**WHAT IS NEEDED:**
The lines below starting at the line containing "White Heart Print Crop Top - Picture 2 of 12" and ending at the line containing "Ford Transit Custom" are to be repeated exactly, with both ends kept and nothing else added.

Crawled caption data:
..............................
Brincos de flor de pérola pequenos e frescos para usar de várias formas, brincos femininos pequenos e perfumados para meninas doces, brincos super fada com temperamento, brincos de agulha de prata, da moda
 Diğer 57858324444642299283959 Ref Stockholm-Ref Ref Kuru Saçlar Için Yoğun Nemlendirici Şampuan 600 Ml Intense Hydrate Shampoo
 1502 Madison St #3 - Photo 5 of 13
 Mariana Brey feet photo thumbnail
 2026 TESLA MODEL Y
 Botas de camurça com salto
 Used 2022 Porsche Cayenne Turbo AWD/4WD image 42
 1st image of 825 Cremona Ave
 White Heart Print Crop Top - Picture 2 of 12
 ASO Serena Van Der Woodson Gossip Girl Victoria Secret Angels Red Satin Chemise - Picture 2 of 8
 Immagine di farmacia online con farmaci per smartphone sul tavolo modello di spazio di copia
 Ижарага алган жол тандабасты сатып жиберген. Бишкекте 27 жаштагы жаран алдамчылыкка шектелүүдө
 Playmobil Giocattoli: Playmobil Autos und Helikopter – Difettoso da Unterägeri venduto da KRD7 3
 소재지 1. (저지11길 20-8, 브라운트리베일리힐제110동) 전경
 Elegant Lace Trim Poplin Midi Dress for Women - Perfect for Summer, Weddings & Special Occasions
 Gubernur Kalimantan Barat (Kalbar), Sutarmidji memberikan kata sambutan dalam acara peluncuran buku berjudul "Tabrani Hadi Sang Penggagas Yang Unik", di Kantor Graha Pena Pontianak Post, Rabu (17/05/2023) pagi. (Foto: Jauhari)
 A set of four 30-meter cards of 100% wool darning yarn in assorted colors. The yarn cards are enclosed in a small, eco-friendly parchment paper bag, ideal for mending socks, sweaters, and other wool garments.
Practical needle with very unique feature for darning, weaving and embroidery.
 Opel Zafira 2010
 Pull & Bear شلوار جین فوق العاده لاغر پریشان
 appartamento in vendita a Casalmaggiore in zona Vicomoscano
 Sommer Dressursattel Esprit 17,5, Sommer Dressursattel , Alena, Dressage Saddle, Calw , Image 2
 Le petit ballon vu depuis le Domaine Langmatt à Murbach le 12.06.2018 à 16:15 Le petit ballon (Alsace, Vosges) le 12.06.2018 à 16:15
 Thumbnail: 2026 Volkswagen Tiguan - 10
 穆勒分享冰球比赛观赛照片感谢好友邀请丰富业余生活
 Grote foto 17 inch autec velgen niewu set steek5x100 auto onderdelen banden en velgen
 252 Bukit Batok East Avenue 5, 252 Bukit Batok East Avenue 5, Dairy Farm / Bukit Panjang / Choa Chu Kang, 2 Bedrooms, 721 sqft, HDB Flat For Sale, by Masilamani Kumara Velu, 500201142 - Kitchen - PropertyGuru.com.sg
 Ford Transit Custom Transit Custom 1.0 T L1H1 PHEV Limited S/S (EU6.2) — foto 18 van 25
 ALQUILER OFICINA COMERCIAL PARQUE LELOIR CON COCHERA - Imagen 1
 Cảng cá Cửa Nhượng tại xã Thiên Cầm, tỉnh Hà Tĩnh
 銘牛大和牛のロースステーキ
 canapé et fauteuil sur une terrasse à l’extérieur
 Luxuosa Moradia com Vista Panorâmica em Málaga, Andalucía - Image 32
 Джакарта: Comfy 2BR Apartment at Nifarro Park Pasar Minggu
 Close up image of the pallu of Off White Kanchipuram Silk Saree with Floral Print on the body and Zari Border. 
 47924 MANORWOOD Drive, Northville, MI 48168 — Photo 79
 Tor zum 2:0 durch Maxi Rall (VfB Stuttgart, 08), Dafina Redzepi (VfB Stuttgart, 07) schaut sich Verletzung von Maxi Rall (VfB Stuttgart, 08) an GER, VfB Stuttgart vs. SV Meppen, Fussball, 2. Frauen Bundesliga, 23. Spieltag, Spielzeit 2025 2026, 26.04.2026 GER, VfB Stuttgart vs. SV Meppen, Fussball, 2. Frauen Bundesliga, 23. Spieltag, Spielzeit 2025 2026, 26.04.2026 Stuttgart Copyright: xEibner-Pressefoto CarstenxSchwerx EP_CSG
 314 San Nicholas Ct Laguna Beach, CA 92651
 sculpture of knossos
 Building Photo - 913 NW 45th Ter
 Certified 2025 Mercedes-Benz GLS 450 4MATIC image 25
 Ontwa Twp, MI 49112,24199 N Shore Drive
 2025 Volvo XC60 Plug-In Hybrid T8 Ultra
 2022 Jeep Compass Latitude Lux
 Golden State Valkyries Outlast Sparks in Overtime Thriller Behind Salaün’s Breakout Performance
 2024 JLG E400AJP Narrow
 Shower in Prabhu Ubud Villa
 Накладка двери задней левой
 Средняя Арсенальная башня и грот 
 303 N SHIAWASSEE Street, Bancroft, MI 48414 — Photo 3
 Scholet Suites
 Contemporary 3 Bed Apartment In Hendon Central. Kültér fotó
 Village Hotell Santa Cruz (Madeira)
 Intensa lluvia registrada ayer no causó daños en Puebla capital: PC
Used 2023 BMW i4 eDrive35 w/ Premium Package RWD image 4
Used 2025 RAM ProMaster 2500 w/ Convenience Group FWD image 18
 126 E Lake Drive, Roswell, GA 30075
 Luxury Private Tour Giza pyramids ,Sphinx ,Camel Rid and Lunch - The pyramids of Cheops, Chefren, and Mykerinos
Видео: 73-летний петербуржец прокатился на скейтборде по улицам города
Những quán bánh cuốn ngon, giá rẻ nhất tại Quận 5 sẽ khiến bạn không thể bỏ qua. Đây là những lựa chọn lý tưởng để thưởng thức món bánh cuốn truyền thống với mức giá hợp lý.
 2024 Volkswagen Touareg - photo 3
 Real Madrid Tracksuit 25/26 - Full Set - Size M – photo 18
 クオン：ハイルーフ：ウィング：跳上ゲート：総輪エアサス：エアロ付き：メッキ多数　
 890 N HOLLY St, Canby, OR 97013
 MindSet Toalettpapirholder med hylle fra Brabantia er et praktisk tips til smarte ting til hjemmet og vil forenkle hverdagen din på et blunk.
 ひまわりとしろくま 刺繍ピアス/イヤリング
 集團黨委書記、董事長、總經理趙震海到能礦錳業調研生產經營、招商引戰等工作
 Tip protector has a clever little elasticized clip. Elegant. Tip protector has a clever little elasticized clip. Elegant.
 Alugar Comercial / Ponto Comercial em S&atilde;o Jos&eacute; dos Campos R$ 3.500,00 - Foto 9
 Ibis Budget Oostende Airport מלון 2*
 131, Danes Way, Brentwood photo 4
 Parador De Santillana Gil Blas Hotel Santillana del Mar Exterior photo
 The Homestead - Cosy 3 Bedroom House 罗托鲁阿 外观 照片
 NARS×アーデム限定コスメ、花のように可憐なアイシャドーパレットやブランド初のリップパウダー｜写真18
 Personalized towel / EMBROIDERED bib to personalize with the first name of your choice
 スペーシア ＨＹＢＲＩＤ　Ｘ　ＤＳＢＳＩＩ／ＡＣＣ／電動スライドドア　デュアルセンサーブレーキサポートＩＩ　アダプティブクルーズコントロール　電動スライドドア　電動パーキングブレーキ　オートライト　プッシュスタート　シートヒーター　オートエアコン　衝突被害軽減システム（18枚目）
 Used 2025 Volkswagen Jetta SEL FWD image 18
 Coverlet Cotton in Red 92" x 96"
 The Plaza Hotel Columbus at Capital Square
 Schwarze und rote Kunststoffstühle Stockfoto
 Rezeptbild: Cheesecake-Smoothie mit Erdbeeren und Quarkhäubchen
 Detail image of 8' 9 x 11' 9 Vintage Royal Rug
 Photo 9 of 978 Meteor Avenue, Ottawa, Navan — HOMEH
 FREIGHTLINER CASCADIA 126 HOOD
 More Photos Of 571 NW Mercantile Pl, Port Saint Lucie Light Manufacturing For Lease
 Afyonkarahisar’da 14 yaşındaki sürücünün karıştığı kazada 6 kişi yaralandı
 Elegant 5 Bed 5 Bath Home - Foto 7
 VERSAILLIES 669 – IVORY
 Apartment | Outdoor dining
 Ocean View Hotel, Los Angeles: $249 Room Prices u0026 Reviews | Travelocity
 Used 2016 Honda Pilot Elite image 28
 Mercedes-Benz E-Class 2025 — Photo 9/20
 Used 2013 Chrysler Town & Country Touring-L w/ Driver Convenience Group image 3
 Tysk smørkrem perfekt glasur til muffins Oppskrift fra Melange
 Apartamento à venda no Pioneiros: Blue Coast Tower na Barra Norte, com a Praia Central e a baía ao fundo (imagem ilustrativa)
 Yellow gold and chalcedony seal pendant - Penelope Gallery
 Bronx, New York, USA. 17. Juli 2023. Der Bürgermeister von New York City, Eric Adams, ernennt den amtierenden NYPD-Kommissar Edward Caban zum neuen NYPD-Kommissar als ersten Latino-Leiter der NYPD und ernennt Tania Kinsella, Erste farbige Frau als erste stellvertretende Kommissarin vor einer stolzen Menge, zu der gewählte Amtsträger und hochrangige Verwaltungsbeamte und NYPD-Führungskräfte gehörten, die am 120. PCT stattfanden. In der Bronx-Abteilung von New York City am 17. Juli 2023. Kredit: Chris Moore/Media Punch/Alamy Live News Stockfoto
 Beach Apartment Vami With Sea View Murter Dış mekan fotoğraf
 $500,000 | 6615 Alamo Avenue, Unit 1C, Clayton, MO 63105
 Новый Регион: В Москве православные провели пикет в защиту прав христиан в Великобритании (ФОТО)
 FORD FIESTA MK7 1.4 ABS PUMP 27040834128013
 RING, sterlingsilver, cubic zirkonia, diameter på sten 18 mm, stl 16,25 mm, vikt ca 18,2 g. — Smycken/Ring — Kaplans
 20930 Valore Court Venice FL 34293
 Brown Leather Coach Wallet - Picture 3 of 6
..............................
**REPLY TO THE EXERCISE:**
 White Heart Print Crop Top - Picture 2 of 12
 ASO Serena Van Der Woodson Gossip Girl Victoria Secret Angels Red Satin Chemise - Picture 2 of 8
 Immagine di farmacia online con farmaci per smartphone sul tavolo modello di spazio di copia
 Ижарага алган жол тандабасты сатып жиберген. Бишкекте 27 жаштагы жаран алдамчылыкка шектелүүдө
 Playmobil Giocattoli: Playmobil Autos und Helikopter – Difettoso da Unterägeri venduto da KRD7 3
 소재지 1. (저지11길 20-8, 브라운트리베일리힐제110동) 전경
 Elegant Lace Trim Poplin Midi Dress for Women - Perfect for Summer, Weddings & Special Occasions
 Gubernur Kalimantan Barat (Kalbar), Sutarmidji memberikan kata sambutan dalam acara peluncuran buku berjudul "Tabrani Hadi Sang Penggagas Yang Unik", di Kantor Graha Pena Pontianak Post, Rabu (17/05/2023) pagi. (Foto: Jauhari)
 A set of four 30-meter cards of 100% wool darning yarn in assorted colors. The yarn cards are enclosed in a small, eco-friendly parchment paper bag, ideal for mending socks, sweaters, and other wool garments.
Practical needle with very unique feature for darning, weaving and embroidery.
 Opel Zafira 2010
 Pull & Bear شلوار جین فوق العاده لاغر پریشان
 appartamento in vendita a Casalmaggiore in zona Vicomoscano
 Sommer Dressursattel Esprit 17,5, Sommer Dressursattel , Alena, Dressage Saddle, Calw , Image 2
 Le petit ballon vu depuis le Domaine Langmatt à Murbach le 12.06.2018 à 16:15 Le petit ballon (Alsace, Vosges) le 12.06.2018 à 16:15
 Thumbnail: 2026 Volkswagen Tiguan - 10
 穆勒分享冰球比赛观赛照片感谢好友邀请丰富业余生活
 Grote foto 17 inch autec velgen niewu set steek5x100 auto onderdelen banden en velgen
 252 Bukit Batok East Avenue 5, 252 Bukit Batok East Avenue 5, Dairy Farm / Bukit Panjang / Choa Chu Kang, 2 Bedrooms, 721 sqft, HDB Flat For Sale, by Masilamani Kumara Velu, 500201142 - Kitchen - PropertyGuru.com.sg
 Ford Transit Custom Transit Custom 1.0 T L1H1 PHEV Limited S/S (EU6.2) — foto 18 van 25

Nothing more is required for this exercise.